Problem: Suppose $p \in \mathcal{P}(\mathbf{C})$ has degree $m$. Prove that $p$ has $m$ distinct roots if and only if $p$ and its derivative $p'$ have no roots in common.
My proof so far:
If $m=0$, then $p(z)=a_0\neq 0$ and $p$ has no roots. Then $p'(z)=0$ and has no roots. If $m=1$, then $p(z)=a_0+a_1z$ with $a_1 \neq 0$ so $p$ has
exactly one root, namely $-a_0/a_1$ and $p'(z)=a_1$ and has no roots. In both cases, $p$ and $p'$ have no roots in common.
Now suppose $m > 1$. We use induction on $m$, assuming that for every polynomial $r$ with $m-1$ distinct roots, $r$ and $r'$ have no roots in common. Let
$p$ be a polynomial of degree $m$ with distinct roots. There exists $q$ such that
\begin{align*}
p(z)=(z-\lambda)q(z)
\end{align*}
for all $z \in \mathbf{F}$. Since q has $m-1$ distinct roots, $q$ and $q'$ have no roots in common. By the chain rule,
\begin{align*}
p'(z)=(z-\lambda)q'(z)+q(z)
\end{align*}
We know that $\lambda$ is not a root of $p'$ since $p'(\lambda)=(\lambda-\lambda)q'(z)+q(\lambda)=0+q(\lambda)\neq 0$ as lambda is not a root of $q$. All
other roots of $p$ are roots of $q$. For these roots $\lambda_q$, $p'(\lambda_q)=(\lambda-\lambda_q)q'(\lambda_q)+q(\lambda_q)=(\lambda-\lambda_q)q'(\lambda_q) + 0 \neq 0$.

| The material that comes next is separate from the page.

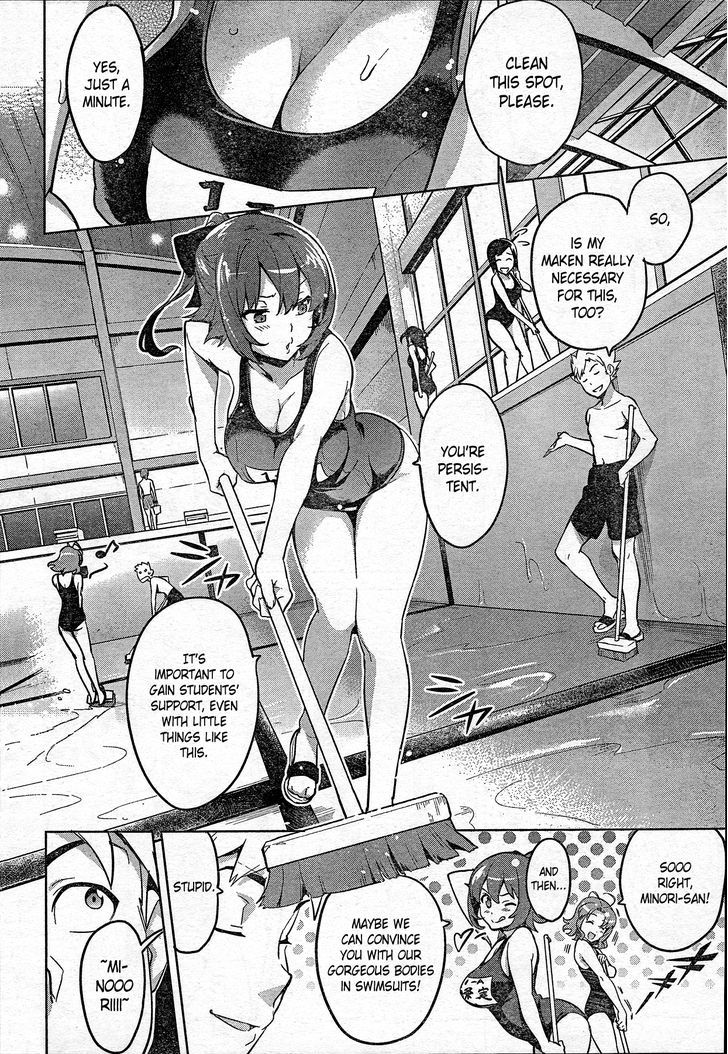 Maken-Ki! Kai!! Chapter 1 #17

Now suppose $m > 1$. We use induction on $m$, this time assuming that for every polynomial $r$ of degree $m-1$ such that $r$ and $r'$ have no roots in common, $r$ has
$m-1$ distinct roots.
I'm stuck here, since I don't know how to how to manipulate the derivatives. I'm not sure if proof by induction is the best approach here as well and I'd appreciate your help!
Best Answer
Not sure that induction is really the way to go. Here is a sketch of a possible argument.
Firstly, if $p$ does not have $m$ distinct roots then it has a double (or higher order) root $a$ and so $$p(x)=(x-a)^2q(x)$$ for some polynomial $q$. You can now easily calculate $p'$ and show that it has a root in common with $p$.
Conversely, if $p$ and $p'$ have a common root $a$ we can write $$p(x)=(x-a)q(x)\quad\hbox{and}\quad p'(x)=(x-a)r(x)\ .$$ Differentiating the first equation and equating it with the second, $$(x-a)q'(x)+q(x)=(x-a)r(x)\ ,$$ which shows that $x-a$ is a factor of $q(x)$. So $a$ is a double (at least) root of $p$.